Pensioni quota 103 come funziona. Per quanto riguarda le pensioni, il prossimo anno Quota 102 viene sostituita dalla nuova Quota 41 con 62 anni d’età (Quota 103 di fatto).

Pensioni quota 103 come funziona

La Quota 103 consente di andare in pensione con 41 anni di contributi e 62 anni di età anagrafica, mentre per chi decide di restare al lavoro è stato rifinanziato il bonus Maroni che prevede una decontribuzione del 10%.

Con Quota 103 potrebbero uscire nel 2023 i nati entro il 1961 che abbiano cominciato a lavorare entro il 1982. 

Secondo i numeri più aggiornati, dovrebbero essere coinvolti in questa riforma circa 48mila lavoratori. Per mandarli in pensione, la spesa sarà di circa 750 milioni di euro.

Il meccanismo di Quota 103, del resto, è semplice: per andare in pensione occorreranno 62 anni di età e 41 di contributi.

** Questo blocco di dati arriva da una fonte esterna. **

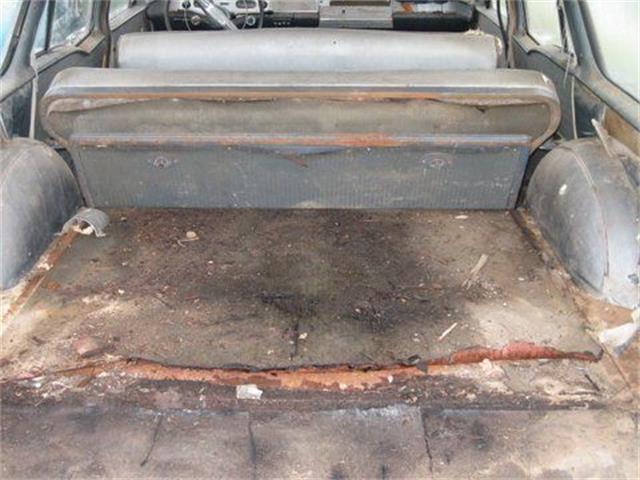 1958 Chevrolet Brookwood (CC-2110115) for sale in Cadillac, Michigan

Si tratta di due requisiti che offrono maggiori opportunità di lasciare il lavoro in anticipo. Rispetto a Quota 102, per cui occorrevano 64 anni di età, si può anticipare la pensione di due anni anagrafici, anche se aumenta la quota contributiva rispetto, per esempio, a Quota 100 (erano 38 gli anni contributivi necessari per l’accesso). 

Penalizzazioni

Uno degli aspetti di maggiore interesse riguarda poi l’ammontare dell’assegno pensionistico. Rispetto a Opzione donna, per esempio, c’è una forte penalizzazione, cioè il taglio di circa il 30% sulla cifra spettante. Non è prevista alcuna penalizzazione dell’uscita anticipata dal mondo del lavoro, ma bisogna sempre tener conto che il sistema di calcolo contributivo, ovviamente, abbassa l’importo pensionistico: prima si accede alla pensione, tanto più si riduce l’assegno pensionistico.

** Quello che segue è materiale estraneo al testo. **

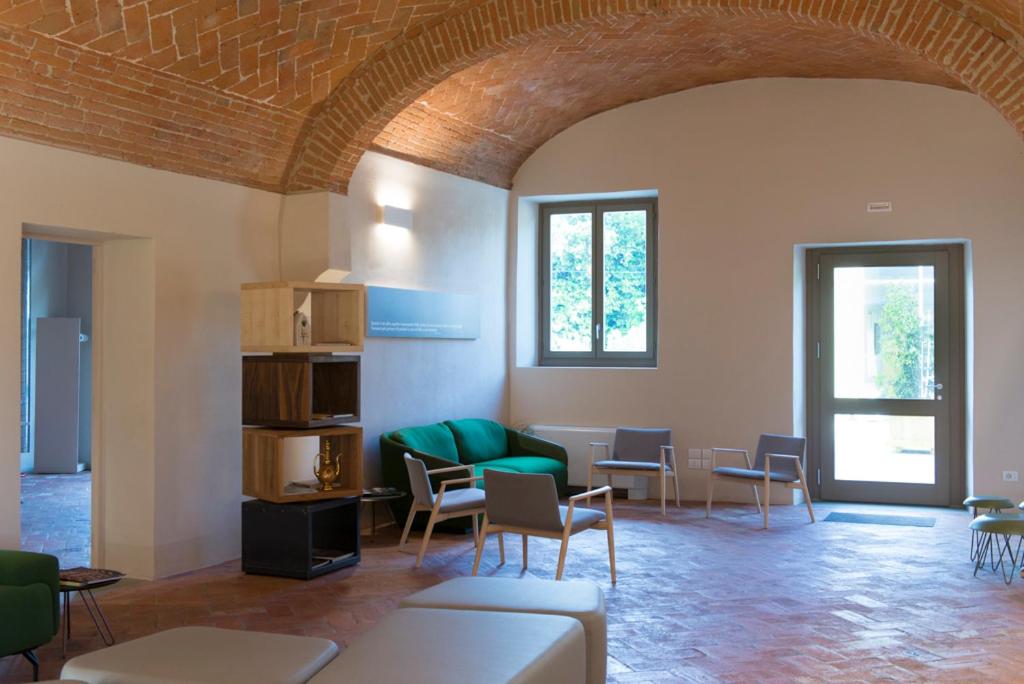 Campus Vannucci - agriturismo in città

Opzione donna 2023 ultimissime

Nella bozza della Manovra dello scorso 25 novembre il governo aveva pensato di legare l’età anagrafica al numero di figli della lavoratrice, prevedendo l’accesso a Opzione donna a 58 anni a chi ha almeno due figli, a 59 anni a chi ha un solo figlio e a 60 alle lavoratici che non sono madri e senza intervenire sugli anni di contributi, lasciati invariati a 35. Ora però a Palazzo Chigi sembrano aver cambiato idea.

Si tornerebbe dunque alla norma originaria, prorogata per un altro anno: pensione anticipata per le lavoratrici con 35 anni o più di contributi e almeno 58 anni d’età per le dipendenti e a 59 anni per le autonome. I motivi del dietrofront? La modifica sarebbe nata originariamente per ottenere dei risparmi restringendo la platea; ma poi si sarebbe visto che i risparmi non erano così determinanti. Inoltre il ministero del Lavoro è intervenuto ponendo sulla riforma abbozzata dal governo una questione di costituzionalità, chiedendosi quanto il numero di figli di una donna potesse impattare sul concetto di uguaglianza.

Si tratta solo di vedere se per il 2024 e gli anni seguenti verrà lasciato questo requisito o se verrà aumentato di un anno a quota 59-60 anni. Resta fermo il criterio in base al quale coloro che utilizzeranno questo canale dovranno accettare una decurtazione dell’assegno perché l’intera pensione verrà calcolata con il sistema contributivo. Dovrebbero poter utilizzare questa via, nel nuovo anno, anche le lavoratrici che siano nate entro il 1963 o il 1964 e che abbiano cominciato a lavorare anche nel 1988. Si tratta delle lavoratrici dipendenti, pubbliche e private, e autonome iscritte all’Inps, che abbiano raggiunto i 58 anni di età, se lavoratrici dipendenti, o i 59, se autonome, entro il 31 dicembre 2022.